YouTube videos of his four tries just don’t measure up. It was so much more powerful, in real time, when watching from Newlands’s Grand Stand.

The England camp had obviously decided the best way of defence was to attack. The England players and coaching staff, pre-match, made a point of talking about Jonah Lomu. They were insistent that Jonah hadn’t faced the quality of England wingers, like Tony and Rory Underwood.

They were outspoken in saying that Jonah hadn’t played a team with England’s all-round quality.

The English, pre-match, were brash, bold and full of bravado.

"We have a plan," boasted England captain Will Carling on the eve of the World Cup semi-final.

The first question put to Carling in the aftermath of Lomu’s destruction of England went something like this: "Will, you said you had a plan for Jonah could you talk us through the plan?"

England coach Jack Rowell interjected, admonished the English journalist and said that instead of trying to mock England’s captain, why could he not focus on the most extraordinary individual performance, possibly in the history of the game.

Jannie de Beer, four years later at the Stade de France in Paris in the 1999 World Cup quarter-final, kicked five drop goals in the space of 30 minutes to beat England.
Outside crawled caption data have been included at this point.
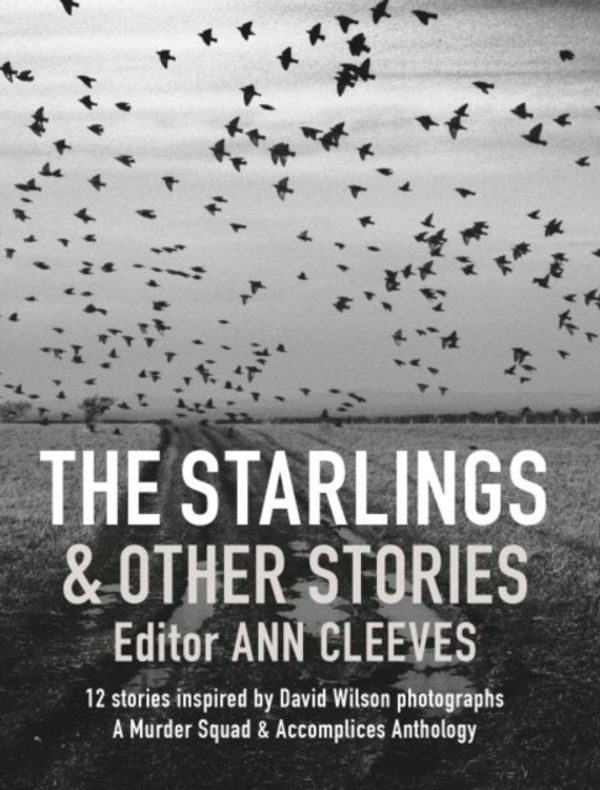 Cover Art for 9781909823747, The Starlings & Other Stories by Murder Squad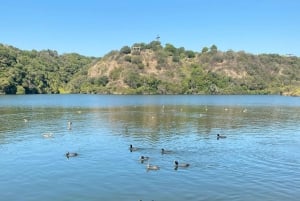 Depuis Santiago : la plus grande volière d'Amérique et Isla Negra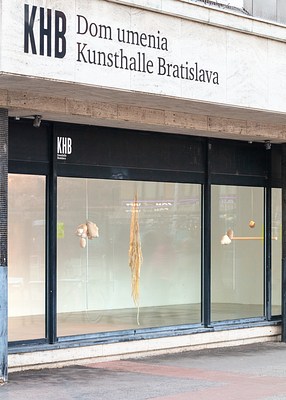 Image 2 of 19
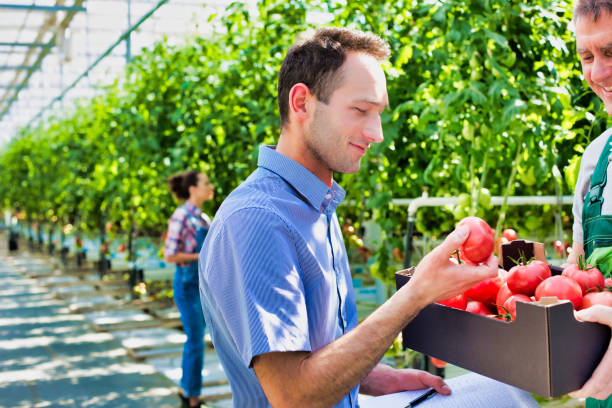 istock Senior farmer showing tomatoes in crate while supervisor examining 1192809868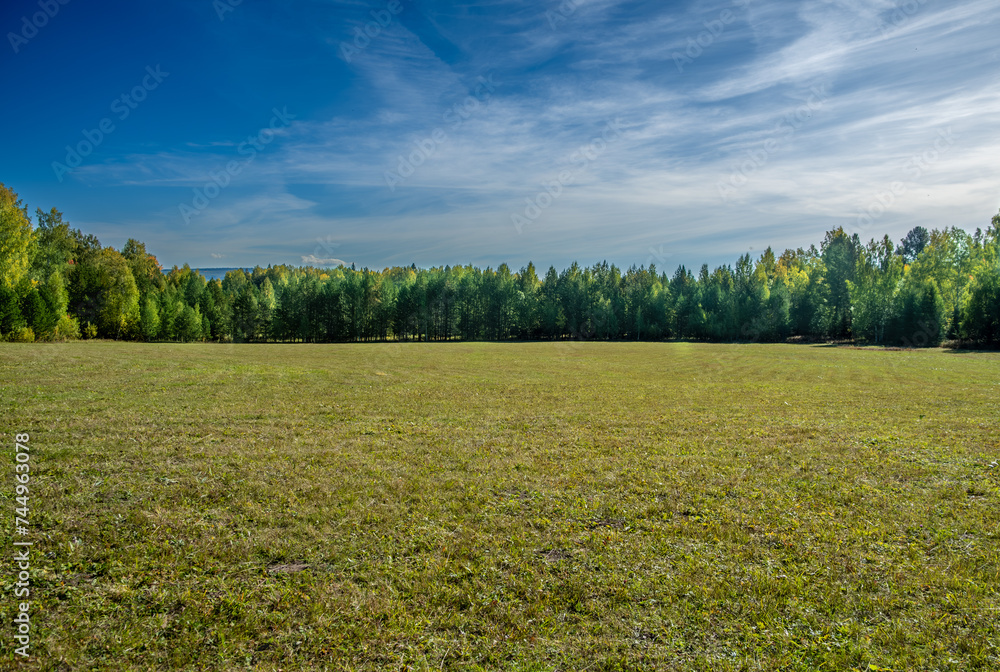 A field with mown grass near the forest.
I got to see that from the press box and it was special.

Lomu’s four tries were in a different class because it was a combination of brutal and beautiful.

England’s players, pre-game, may have been bullish and arrogant, but after the whipping they were magnanimous in their praise for Jonah and for what the world had just witnessed.

The All Blacks won 45-29, which would suggest England were competitive. But they weren’t. The All Blacks led 35-3 in the second half, emptied their bench and basically stopped playing. They knew they were in the final.

All Blacks No 8 Zinzan Brooke kicked the most outrageous of drop goals from 45m. He caught the ball on the run and, from the Railway Stand side and on the angle, hammered home the sweetest of kicks. The ball cleared the posts by another 10m. It was indicative of the day the All Blacks were having. In the opening hour, everything they touched translated into a score.

The brilliant England centre Jeremy Guscott, having played against Jonah at Newlands in 1995 and at Twickenham in 1999, marvelled at Jonah the Giant.

Guscott, in a tribute to Lomu, wrote: "In addition to his huge power, Jonah had superb acceleration, fantastic balance and that beautiful style of running. When he needed to smash people, he lent into them and crumpled them, when he feinted, he could lean in and then step past them and his out-and-out pace was the equal of South African flyer Bryan Habana in his prime."

Guscott, in recalling the semi-final, wrote: "We discussed how we had to get to him immediately, because once he had taken three strides, he would be up to top pace and would have covered 10-15 metres, but he just blew our plans out of the water. We knew what was coming but we just couldn’t deal with it. We thought we could, but we couldn’t. It was a shock; when you are close to him you cannot believe how such a big man can run so quickly.

"In that game I made a break and when things closed down, I passed to 6ft 5 inches, 18 stone England loose-forward ‘Big Ben’ Clarke. Unfortunately for him, he was near Lomu and to this day whenever he sees me Ben still gives me grief, because he said when Jonah tackled him the lights went out."

Catt, buried into the Newlands turf, would joke many years later that he couldn’t actually remember the moment Jonah ran over him, but he did remember All Blacks lock Robin Brooke screaming in his ear that "it was only the start and that there was more to come".

Indeed, there was: Jonah would finish with four tries, swatting aside Tony Underwood and then gliding for 50m for his final score.

I wasn’t in Beijing in 2008 to see Usain Bolt run 9.69 and I wasn’t in Berlin in 2009 to see his world record 9.58. I also wasn’t in London in 2012 when Bolt ran 9.63 in the Olympic final.

But I was at Newlands on Sunday, June 18, 1995 when Jonah scored those four tries against England.

Any adjective would be inadequate. You simply had to be there.